US 12,450,518 B2
Evaluating on-device machine learning model(s) based on performance measures of client device(s) and/or the on-device machine learning model(s)
Dragan Zivkovic, Sunnyvale, CA (US); Akash Agrawal, San Jose, CA (US); Françoise Beaufays, Mountain View, CA (US); and Tamar Lucassen, Campbell, CA (US)
Assigned to GOOGLE LLC, Mountain View, CA (US)
Filed by Google LLC, Mountain View, CA (US)
Filed on Mar. 29, 2021, as Appl. No. 17/215,588.
Prior Publication US 2022/0309389 A1, Sep. 29, 2022
Int. Cl. G06N 20/00 (2019.01); G06N 5/04 (2023.01)

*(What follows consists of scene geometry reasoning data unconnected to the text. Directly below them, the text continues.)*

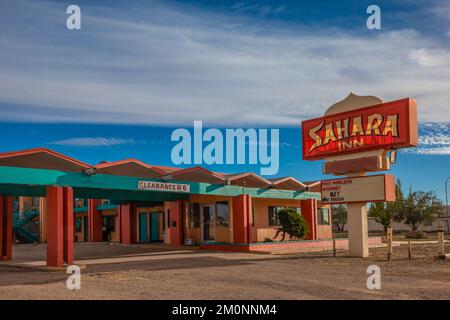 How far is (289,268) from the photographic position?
56.8 feet

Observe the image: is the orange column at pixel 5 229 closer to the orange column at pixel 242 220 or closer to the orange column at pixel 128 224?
the orange column at pixel 242 220

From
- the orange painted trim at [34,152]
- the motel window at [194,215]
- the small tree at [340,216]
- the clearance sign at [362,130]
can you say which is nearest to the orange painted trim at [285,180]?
the motel window at [194,215]

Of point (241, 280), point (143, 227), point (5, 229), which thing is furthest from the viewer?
point (143, 227)

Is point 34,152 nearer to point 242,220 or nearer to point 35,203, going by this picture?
point 242,220

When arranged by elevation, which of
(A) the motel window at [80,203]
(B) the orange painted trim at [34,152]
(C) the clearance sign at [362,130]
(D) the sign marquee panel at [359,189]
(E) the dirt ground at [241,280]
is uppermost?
(C) the clearance sign at [362,130]

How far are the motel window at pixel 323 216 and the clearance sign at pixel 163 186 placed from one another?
1442 centimetres

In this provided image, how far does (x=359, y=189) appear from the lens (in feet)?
69.7

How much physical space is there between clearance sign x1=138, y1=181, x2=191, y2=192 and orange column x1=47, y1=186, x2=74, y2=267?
161 inches

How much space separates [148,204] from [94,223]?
9114 millimetres

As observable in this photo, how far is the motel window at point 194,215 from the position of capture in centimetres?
3033

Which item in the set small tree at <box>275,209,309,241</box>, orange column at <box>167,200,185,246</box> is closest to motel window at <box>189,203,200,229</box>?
orange column at <box>167,200,185,246</box>

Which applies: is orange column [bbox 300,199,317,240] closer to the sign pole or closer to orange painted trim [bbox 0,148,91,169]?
the sign pole

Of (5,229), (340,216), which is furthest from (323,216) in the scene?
(340,216)

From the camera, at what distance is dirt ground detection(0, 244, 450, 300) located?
1117 centimetres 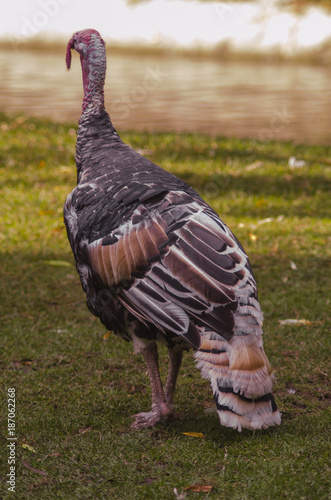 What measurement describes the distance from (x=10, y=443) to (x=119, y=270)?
114cm

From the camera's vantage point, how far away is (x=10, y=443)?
11.8ft

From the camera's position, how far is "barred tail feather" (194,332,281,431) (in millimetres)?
3125

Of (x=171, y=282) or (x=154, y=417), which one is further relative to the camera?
(x=154, y=417)

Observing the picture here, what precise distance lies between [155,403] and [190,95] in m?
12.4

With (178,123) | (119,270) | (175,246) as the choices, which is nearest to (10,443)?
(119,270)

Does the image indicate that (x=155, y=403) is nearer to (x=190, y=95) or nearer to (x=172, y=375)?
(x=172, y=375)

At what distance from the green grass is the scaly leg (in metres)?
0.08

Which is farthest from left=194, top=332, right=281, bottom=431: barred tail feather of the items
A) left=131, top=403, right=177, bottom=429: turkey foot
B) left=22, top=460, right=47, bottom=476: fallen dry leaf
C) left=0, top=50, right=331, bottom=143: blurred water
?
left=0, top=50, right=331, bottom=143: blurred water

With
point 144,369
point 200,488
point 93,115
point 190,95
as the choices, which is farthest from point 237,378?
Result: point 190,95

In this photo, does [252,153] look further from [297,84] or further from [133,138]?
[297,84]

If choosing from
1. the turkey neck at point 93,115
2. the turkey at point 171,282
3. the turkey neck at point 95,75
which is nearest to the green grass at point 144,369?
the turkey at point 171,282

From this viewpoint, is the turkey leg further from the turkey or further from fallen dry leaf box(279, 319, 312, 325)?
fallen dry leaf box(279, 319, 312, 325)

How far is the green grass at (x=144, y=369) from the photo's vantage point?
324cm

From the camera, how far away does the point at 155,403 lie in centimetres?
379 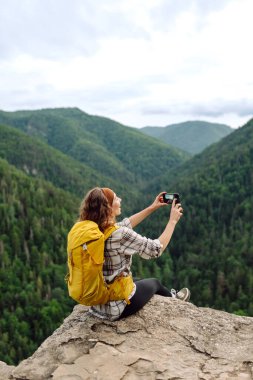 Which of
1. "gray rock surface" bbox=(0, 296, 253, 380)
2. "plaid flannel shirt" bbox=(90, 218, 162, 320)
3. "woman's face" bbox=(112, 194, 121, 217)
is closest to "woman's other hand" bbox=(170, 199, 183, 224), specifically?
"plaid flannel shirt" bbox=(90, 218, 162, 320)

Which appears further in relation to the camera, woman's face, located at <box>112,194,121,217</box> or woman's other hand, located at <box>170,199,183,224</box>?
woman's other hand, located at <box>170,199,183,224</box>

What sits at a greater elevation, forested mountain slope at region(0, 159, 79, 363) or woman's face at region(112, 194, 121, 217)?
woman's face at region(112, 194, 121, 217)

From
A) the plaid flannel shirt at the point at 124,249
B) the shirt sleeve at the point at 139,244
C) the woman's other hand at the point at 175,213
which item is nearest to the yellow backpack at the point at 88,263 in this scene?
the plaid flannel shirt at the point at 124,249

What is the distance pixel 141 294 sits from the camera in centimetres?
1157

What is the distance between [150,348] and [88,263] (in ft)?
9.39

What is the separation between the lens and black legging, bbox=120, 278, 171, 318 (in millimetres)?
11227

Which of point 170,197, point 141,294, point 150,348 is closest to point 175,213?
point 170,197

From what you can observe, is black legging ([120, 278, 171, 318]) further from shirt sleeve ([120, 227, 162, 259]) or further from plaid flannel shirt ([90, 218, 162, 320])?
shirt sleeve ([120, 227, 162, 259])

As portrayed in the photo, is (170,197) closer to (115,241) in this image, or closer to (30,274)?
(115,241)

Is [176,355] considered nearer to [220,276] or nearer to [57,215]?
[220,276]

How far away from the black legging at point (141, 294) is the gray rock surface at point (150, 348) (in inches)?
10.6

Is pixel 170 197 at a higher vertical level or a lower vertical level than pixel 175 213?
higher

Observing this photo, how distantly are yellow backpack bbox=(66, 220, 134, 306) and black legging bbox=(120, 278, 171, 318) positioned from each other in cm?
129

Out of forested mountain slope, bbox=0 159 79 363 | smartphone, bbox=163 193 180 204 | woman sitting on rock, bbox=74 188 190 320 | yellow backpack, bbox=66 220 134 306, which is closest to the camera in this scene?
yellow backpack, bbox=66 220 134 306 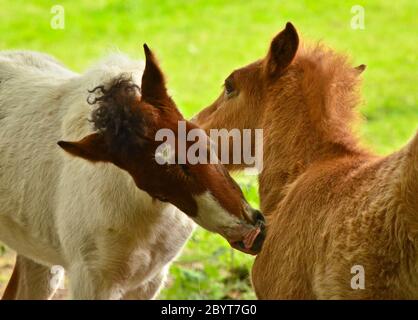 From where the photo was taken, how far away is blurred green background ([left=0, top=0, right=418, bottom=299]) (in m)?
13.4

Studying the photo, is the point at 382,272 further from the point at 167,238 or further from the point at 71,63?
the point at 71,63

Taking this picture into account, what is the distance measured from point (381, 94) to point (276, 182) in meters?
8.49

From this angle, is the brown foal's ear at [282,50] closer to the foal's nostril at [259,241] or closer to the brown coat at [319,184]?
the brown coat at [319,184]

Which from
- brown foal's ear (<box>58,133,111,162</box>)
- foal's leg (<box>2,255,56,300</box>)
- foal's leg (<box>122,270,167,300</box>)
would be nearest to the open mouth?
brown foal's ear (<box>58,133,111,162</box>)

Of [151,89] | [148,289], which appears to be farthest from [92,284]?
[151,89]

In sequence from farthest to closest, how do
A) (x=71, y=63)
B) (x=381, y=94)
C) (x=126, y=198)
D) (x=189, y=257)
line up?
(x=71, y=63), (x=381, y=94), (x=189, y=257), (x=126, y=198)

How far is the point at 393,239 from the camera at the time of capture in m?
4.14

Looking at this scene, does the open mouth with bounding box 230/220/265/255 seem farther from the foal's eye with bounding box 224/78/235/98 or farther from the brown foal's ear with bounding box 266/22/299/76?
the foal's eye with bounding box 224/78/235/98

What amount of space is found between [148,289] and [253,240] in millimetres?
1280

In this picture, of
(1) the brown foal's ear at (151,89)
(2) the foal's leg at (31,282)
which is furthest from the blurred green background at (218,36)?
(1) the brown foal's ear at (151,89)

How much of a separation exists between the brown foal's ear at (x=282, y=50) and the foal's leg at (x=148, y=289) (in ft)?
4.55

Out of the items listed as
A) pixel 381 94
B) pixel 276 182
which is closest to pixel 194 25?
pixel 381 94

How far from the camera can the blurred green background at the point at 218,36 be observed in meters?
13.4

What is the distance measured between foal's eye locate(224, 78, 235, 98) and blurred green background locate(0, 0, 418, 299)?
20.7 ft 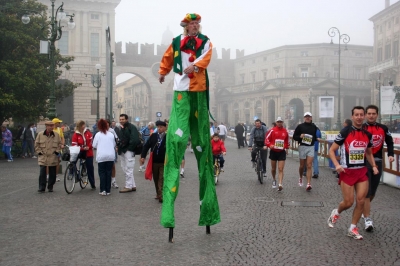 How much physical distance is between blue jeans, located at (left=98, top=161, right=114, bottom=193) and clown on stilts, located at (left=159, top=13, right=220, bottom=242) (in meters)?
5.17

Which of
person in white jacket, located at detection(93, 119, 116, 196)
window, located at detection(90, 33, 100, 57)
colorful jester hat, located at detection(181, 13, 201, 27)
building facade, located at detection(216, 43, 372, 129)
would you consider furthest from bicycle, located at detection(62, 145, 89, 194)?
building facade, located at detection(216, 43, 372, 129)

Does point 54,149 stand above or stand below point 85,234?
above

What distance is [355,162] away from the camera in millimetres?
6918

CPC G06N 20/00 (2019.01) [G06N 5/04 (2013.01)] 18 Claims
OG exemplary drawing
 
1. A method implemented by one or more processors of a client device, the method comprising:
causing the client device to generate a plurality of performance measures for a dormant machine learning (ML) model based on a plurality of testing instances for the dormant ML model,
wherein the client device has a first set of device characteristics,
wherein the first set of device characteristics includes at least a first set of hardware characteristics,
wherein the client device has on-device memory storing the dormant ML model and the plurality of testing instances for the dormant ML model, and
wherein causing the client device to generate the plurality of performance measures based on a given testing instance, of the plurality of testing instance, comprises:
causing the client device to process, using the dormant ML model, testing instance input for the given testing instance to generate output; and
causing the client device to generate the plurality of performance measures based on the processing of the testing instance input of the given testing instance;
determining, based on the plurality of performance measures, whether to activate the dormant ML model at the client device, that has the first set of device characteristics, as an active ML model; and
in response to determining to activate the dormant ML model at the client device:
causing the dormant ML model to be activated for use locally at the client device as the active ML model; and
causing one or more additional client devices, that also have the first set of device characteristics, to utilize a corresponding instance of the dormant ML model for respective use, locally at the one or more additional client devices, as a corresponding instance of the active ML model.